Stream: Beginner Questions

Topic: Weird induction scheme


view this post on Zulip Christian Zimmerer (Jun 23 2023 at 13:27):

I'm trying to prove the following induction scheme:

If there is a range of integers and a proposition holds for the bounds, and for the neighbors of any n, it holds for any n in the bounds.

I am trying to prove this by induction over the range, as for the case of only one inner element in the range it trivially holds, and if the range increases by one element, the proposition still holds if either l is decreased or m is increased. However, I struggle to tell Isabelle. How would I formulate the proof in the best way?

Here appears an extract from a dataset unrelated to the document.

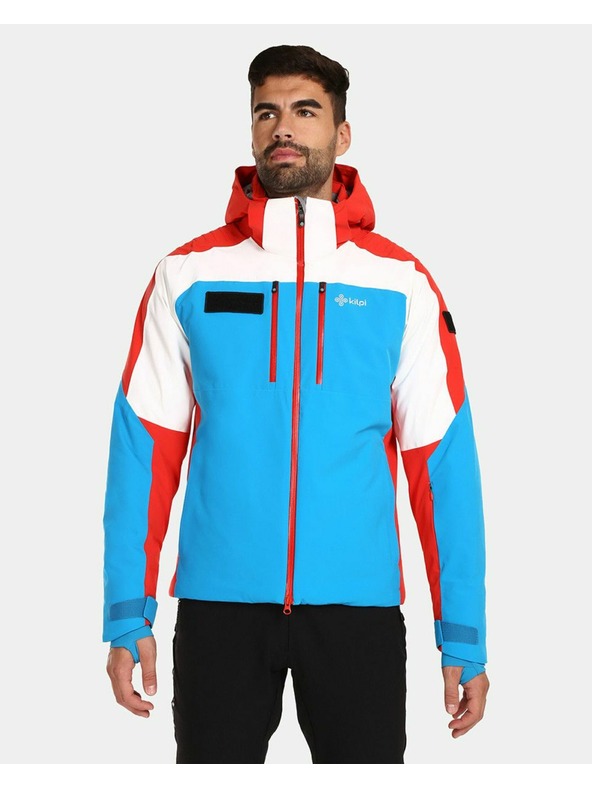 Kilpi Мъжко ски яке Kilpi DEXEN-M Синьо - Червено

view this post on Zulip Mathias Fleury (Jun 23 2023 at 14:01):

can you just do induction on n-l?

view this post on Zulip Mathias Fleury (Jun 23 2023 at 14:03):

my first intuition is however that it does not hold, because proving the case l+1 does not work without proving m-1 and vice-versa

view this post on Zulip Mathias Fleury (Jun 23 2023 at 14:08):

Okay nitpick agrees for natural numbers that it does not hold:

Nitpicking formula...
Nitpick found a counterexample:
  Free variables:
    P = (λx. _)(0 := True, 1 := False, 2 := False, 3 := True)
    l = 0
    m = 3
    n = 2

view this post on Zulip Wolfgang Jeltsch (Jun 23 2023 at 15:16):

Note that there is also dec_induct, which might be helpful in your case.